When the Red Sox made their blockbuster, clean-house, multi-player trade with the Los Angeles Dodgers during their disastrous 2012 season most of the attention was on who Boston was ditching, not who Boston was receiving.

The big to-do was all about the Red Sox exiling Josh Beckett, Adrian Gonzalez and Carl Crawford and dumping salary. One of the players Boston collected in the trade was James Loney, who was installed at first base for the rest of the season and then himself tossed away when the Sox revamped the roster in the off-season. He was a free agent and Boston did not try to convince him to stick around.

At the time Loney had to be thinking: Why me? What did I ever do? Although the Red Sox are doing just fine and picked up an entire new set of scrappy players who can hit, at first it did seem as if they were overzealous in getting rid of Loney. He seemed like the kind of guy who could help them, not hurt them and was worth hanging on to.

Now that the months have passed you won’t catch the Red Sox saying they regret not keeping Loney because things have been working out so well for the team. But the fact is Loney would have been right at home with the rebuilt and rejuvenated Red Sox and he is proving it with a stellar season.

Loney, who is still only 29, is having the best season of his career, playing first base for the Tampa Bay Rays, one of Boston’s American League East Division rivals, and a team that could yet haunt the Red Sox before the end of this season. After completion of 87 games (every one of which he appeared in) Loney was batting .320 with nine home runs and 43 runs batted in and his on-base percentage was .373.

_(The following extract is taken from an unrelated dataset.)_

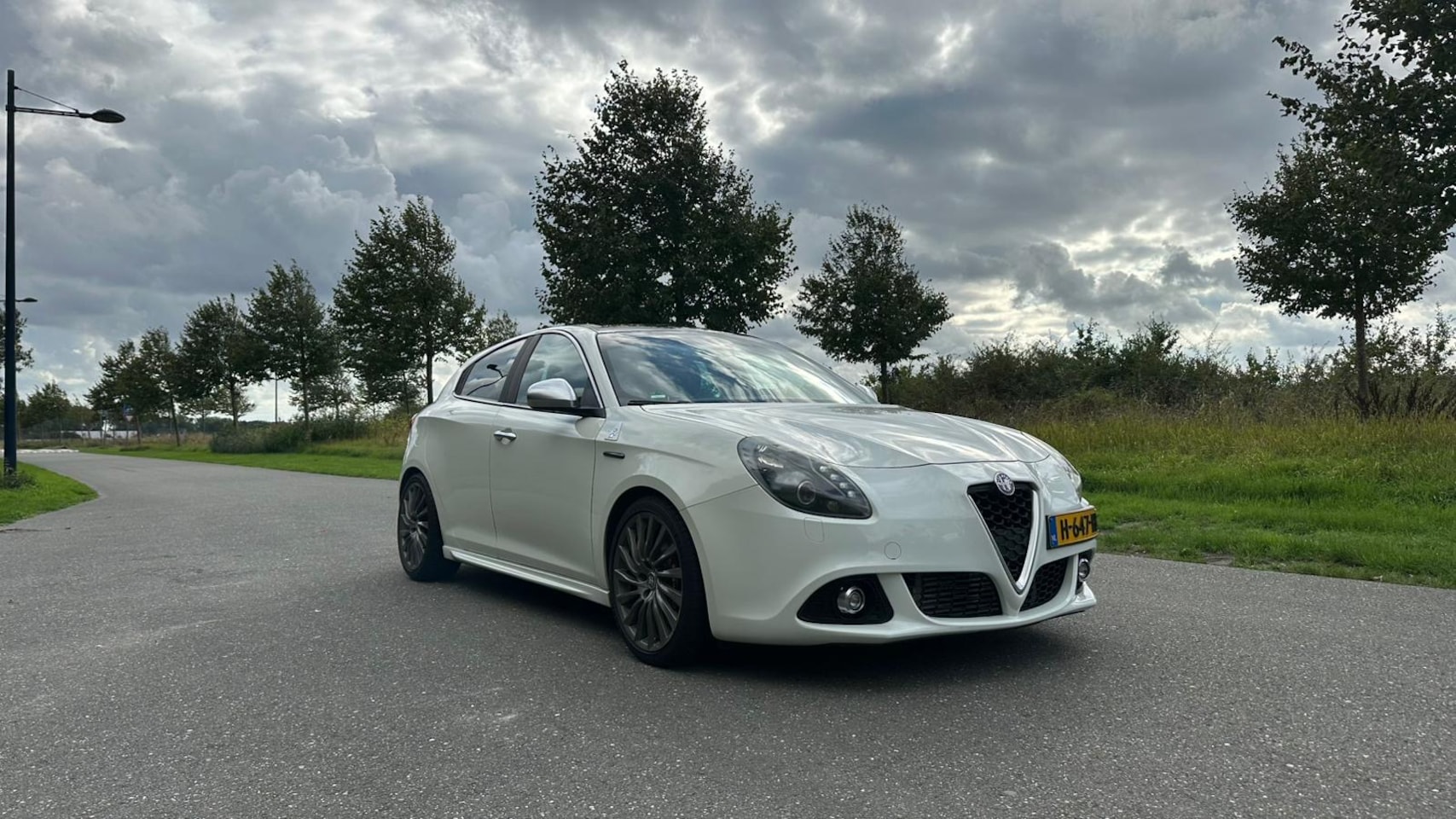 Alfa Romeo Giulietta - 1.7 TBi Quadrifoglio Verde Carplay/Android auto, zeer goede staat, bij specialist onderhouden - AutoWereld.nl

The 6-foot-3, 220-pound left-handed swinger is in his eighth big-league season. Although his lifetime average is .280, the only other time that Loney hit .300 was in 2007. That year, appearing in 96 games, he batted .331.

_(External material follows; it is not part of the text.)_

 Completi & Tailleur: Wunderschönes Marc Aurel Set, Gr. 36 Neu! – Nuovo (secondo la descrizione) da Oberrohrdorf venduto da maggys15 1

Loney played in just 30 games for the Red Sox after the trade and batted just. 230 in that limited action during the tumultuous last-place season for Boston. Given how desperately Boston management wanted to fix a poisoned clubhouse and start fresh with a new manager, Loney was viewed as expendable. Yet he seems to be the kind of player Boston is thriving with right now, fitted into the lineup around holdovers and stars like David Ortiz, Dustin Pedroia and Jacoby Ellsbury.

Once ignored by Boston Loney signed a one-year, $2 million contract with Tampa Bay. On a team light on hitting, strong on pitching, and with designs on capturing the division crown, Loney has been a very valuable resource.

There is plenty of baseball to be played in 2013, but by the time the season ends Loney may be looked at as the best bargain free-agent acquisition in the league.